筆者は、銀行、信用金庫など、証券会社以外の金融機関にNISA口座を設けることは「不利だ」と考えている。理由は、内外の証券市場に上場されているETF(上場型投資信託)に投資できないからだ。ETFは信託報酬と呼ばれる、継続的に掛かる運用・管理の費用が安く、NISAでの投資に向いている。

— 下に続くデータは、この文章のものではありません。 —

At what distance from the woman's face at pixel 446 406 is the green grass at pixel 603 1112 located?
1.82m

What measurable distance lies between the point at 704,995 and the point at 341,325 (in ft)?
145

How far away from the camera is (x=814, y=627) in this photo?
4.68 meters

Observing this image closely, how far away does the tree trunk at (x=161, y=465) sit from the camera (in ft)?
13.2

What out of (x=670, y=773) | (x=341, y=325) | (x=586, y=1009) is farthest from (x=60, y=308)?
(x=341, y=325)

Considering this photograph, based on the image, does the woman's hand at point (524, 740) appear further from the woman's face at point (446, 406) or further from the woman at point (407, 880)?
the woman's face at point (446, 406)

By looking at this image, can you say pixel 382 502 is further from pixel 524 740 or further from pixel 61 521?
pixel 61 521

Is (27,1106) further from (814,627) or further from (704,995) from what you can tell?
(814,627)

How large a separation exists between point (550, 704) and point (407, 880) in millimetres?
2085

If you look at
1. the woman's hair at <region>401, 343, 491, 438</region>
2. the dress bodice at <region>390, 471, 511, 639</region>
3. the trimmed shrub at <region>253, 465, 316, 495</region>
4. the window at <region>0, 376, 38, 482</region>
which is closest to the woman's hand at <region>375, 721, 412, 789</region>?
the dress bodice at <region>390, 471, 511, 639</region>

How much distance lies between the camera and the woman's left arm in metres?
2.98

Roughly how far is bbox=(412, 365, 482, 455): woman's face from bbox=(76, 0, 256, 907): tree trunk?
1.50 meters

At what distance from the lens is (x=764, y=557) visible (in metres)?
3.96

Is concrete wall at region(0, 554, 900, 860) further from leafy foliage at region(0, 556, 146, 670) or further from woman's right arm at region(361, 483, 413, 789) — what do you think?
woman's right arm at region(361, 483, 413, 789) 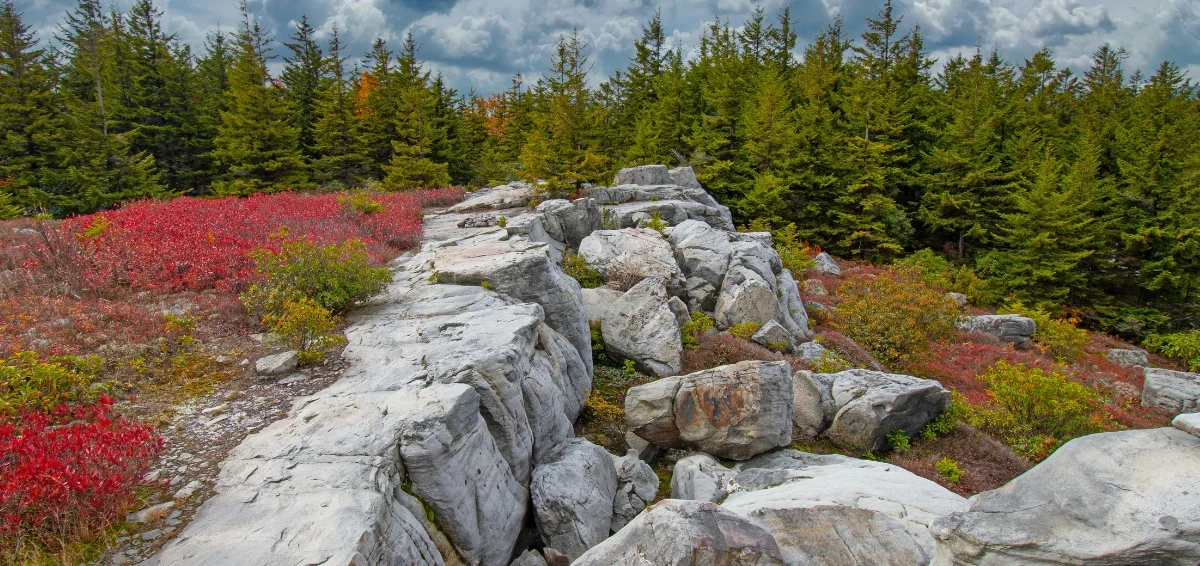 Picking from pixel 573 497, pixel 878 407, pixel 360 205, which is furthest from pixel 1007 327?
pixel 360 205

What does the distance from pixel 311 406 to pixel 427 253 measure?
900 centimetres

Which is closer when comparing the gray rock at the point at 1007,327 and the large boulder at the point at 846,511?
the large boulder at the point at 846,511

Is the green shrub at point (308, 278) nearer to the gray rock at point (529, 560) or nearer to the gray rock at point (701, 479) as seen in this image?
the gray rock at point (529, 560)

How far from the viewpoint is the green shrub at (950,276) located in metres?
31.8

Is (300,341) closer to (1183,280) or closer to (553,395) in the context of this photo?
(553,395)

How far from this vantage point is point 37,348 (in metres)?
8.78

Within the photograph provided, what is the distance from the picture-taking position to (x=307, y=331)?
959 centimetres

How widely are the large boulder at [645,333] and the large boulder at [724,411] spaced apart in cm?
326

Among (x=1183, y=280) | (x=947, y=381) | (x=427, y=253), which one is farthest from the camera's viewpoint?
(x=1183, y=280)

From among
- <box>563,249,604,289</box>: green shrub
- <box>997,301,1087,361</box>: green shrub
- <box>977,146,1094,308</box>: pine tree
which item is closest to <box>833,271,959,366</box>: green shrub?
<box>997,301,1087,361</box>: green shrub

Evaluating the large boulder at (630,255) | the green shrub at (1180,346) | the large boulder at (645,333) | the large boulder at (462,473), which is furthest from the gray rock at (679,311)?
the green shrub at (1180,346)

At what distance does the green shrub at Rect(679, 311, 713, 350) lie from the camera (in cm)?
1686

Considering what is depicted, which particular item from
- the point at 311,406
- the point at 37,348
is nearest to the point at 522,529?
the point at 311,406

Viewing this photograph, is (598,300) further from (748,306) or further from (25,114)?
(25,114) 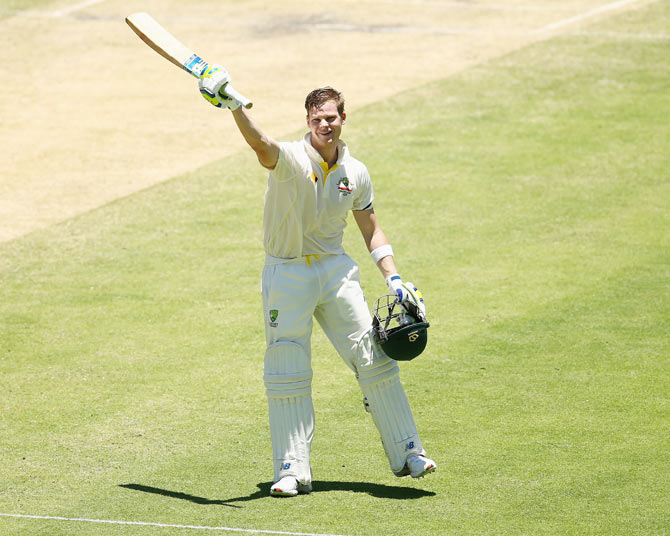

今のところ、NISAの口座は一人一金融機関にしか持てないし、いったんNISA口座を開設してしまうと向こう4年間金融機関を変更することができない。できれば取引コストの安いネット証券に開設するのがいいと思うが、ともかく、NISAの口座は投資対象の選択肢が広い証券会社に開く方がいいと考えている(【注意】筆者は楽天証券というネット証券の社員なので、本件の利害関係者だが、NISAにはネット証券が向いていると本当に考えている)。

ちなみに、複数の金融機関から同一人のNISA口座の開設の申請書が届いた場合、到着が早い順に受け付けられることになっていて、10月1日に複数の申請が届いた場合は何れも受理されないという。郵便事情で到着がずれる可能性もあるので、口座開設をしたくない金融機関からの申し込みを取り下げることが望ましい。

尚、NISA口座を銀行に開いてしまった場合でも、ネット取引を選択して、「よりマシな」商品に投資するある程度の救済案が使えるケースもあるから、ひどく損をせずに済む場合もあるが、ETFは使えないので、最善を逃がすことにはなりそうだ。

NISA口座の申込をしてしまった人は、「今なら」撤回が間に合うので、その金融機関でいいのかどうかを考えよう。申し込みがまだの人は、重要な順に、

(1)投資したい商品があるか
(2)手数料コストは幾らか(キャンペーンのメリットを込みにして計算する)
(3)利便性はどうか

の3点からどこに口座を開設するかを考えよう。NISA口座で実際に投資できるのは、来年1月からだから、まだ十分時間がある。